We analyzed data from the Cooperative International Neuromuscular Research Group Duchenne Natural History Study for participants with DMD single- or multi-exon deletions or duplications with defined exon boundaries (n = 186), or small mutations identified by sequencing (n = 26, including 16 nonsense point mutations). We performed a time-to-event analysis of LoA, a strong indicator of overall disease severity, adjusting for glucocorticoid treatment and genetic modifiers.
Participants with deletions amenable to skipping of exon 44 had later LoA (median 14.8 years, hazard ratio 0.31, 95% confidence interval 0.14-0.69, p = 0.004).
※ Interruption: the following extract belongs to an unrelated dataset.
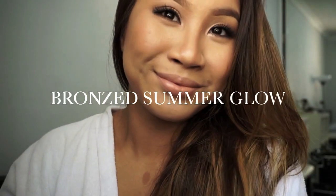Hello guys, welcome back to my channel. Today I will be going through our bronze summer glow makeup look. As you all know, it is summer in Australia where I am, so I think this look is quite appropriate for all the occasions we have coming up. So let's get started.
Age at LoA did not differ significantly in participants with deletions amenable to exon 45, 51, and 53 skipping, duplications, and small rearrangements. Nonsense mutation DMD also showed a typical median age at LoA (11.1 years), with a few outliers (ambulatory around or after 16 years of age) carrying stop codons within in-frame exons, more often situated in the rod domain.
As exon 44 skipping-amenable DMD has a later LoA, mutation-specific randomization and selection of placebo groups are essential for the success of clinical trials.
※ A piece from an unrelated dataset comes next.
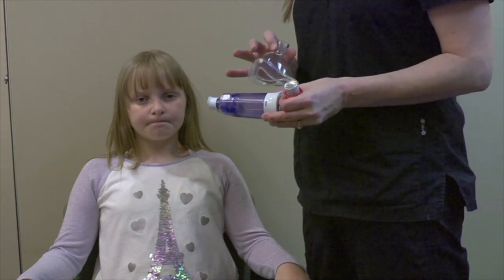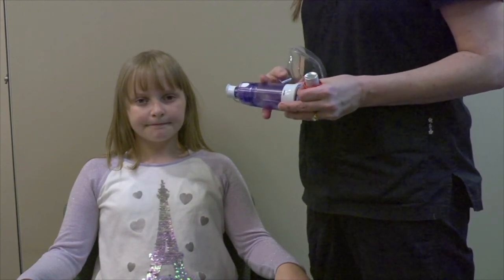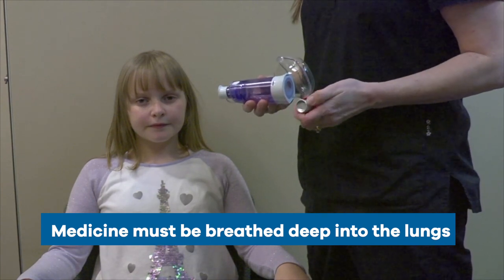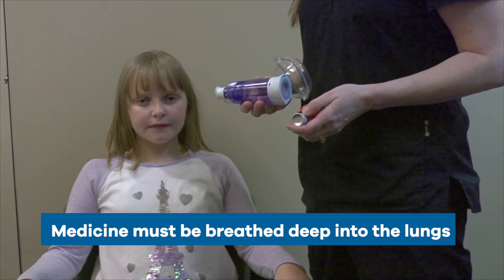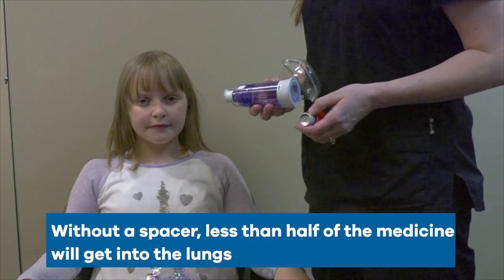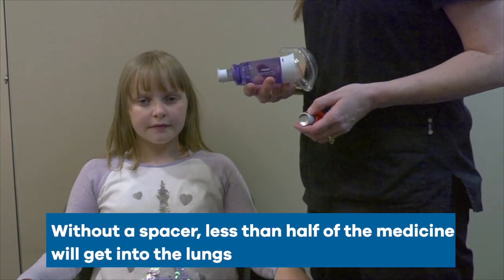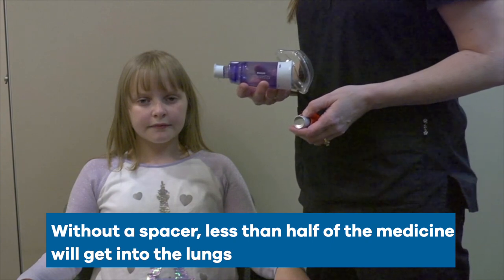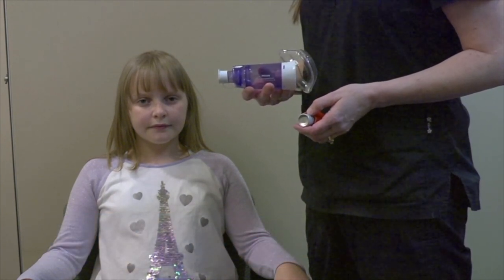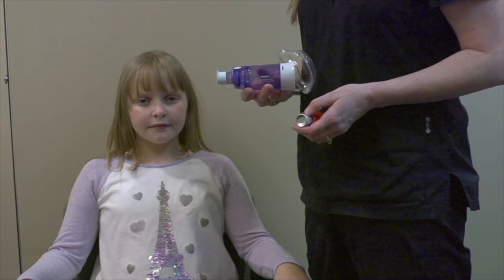The most common way to take asthma medicine is with an inhaler. The medicine from an inhaler is sprayed out and needs to be breathed deep into the lungs. In order to get the medicine all the way into the lungs, you need to use a spacer. If you don't use a spacer, less than half of the medicine will make it into the lungs — most will stick in your mouth and throat.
在一项关于杜氏肌营养不良症(DMD)的大型前瞻性自然史研究中,将失去行走能力(LoA)的时间与不同的截短型DMD基因突变相关联,特别关注适合新兴分子治疗的突变。
我们分析了国际神经肌肉研究合作组DMD自然史研究的数据,该研究针对患有DMD单外显子或多外显子缺失或重复且外显子边界明确的参与者(n = 186),或通过测序鉴定出的小突变参与者(n = 26,包括16个无义点突变)。我们对LoA进行了事件发生时间分析,LoA是疾病总体严重程度的一个重要指标,并对糖皮质激素治疗和基因修饰因子进行了调整。
适合跳过外显子44的缺失型参与者出现LoA的时间较晚(中位数14.8岁,风险比0.31,95%置信区间0.14 - 0.69,p = 0.004)。适合跳过外显子45、51和53、重复以及小重排的缺失型参与者,其LoA时的年龄无显著差异。无义突变型DMD也显示出典型的LoA中位年龄(11.1岁),有一些异常值(16岁左右或之后仍可行走),其终止密码子位于框内外显子中,且更常位于杆状结构域内。
由于适合跳过外显子44的DMD出现LoA的时间较晚,因此突变特异性随机分组和安慰剂组的选择对于临床试验的成功至关重要。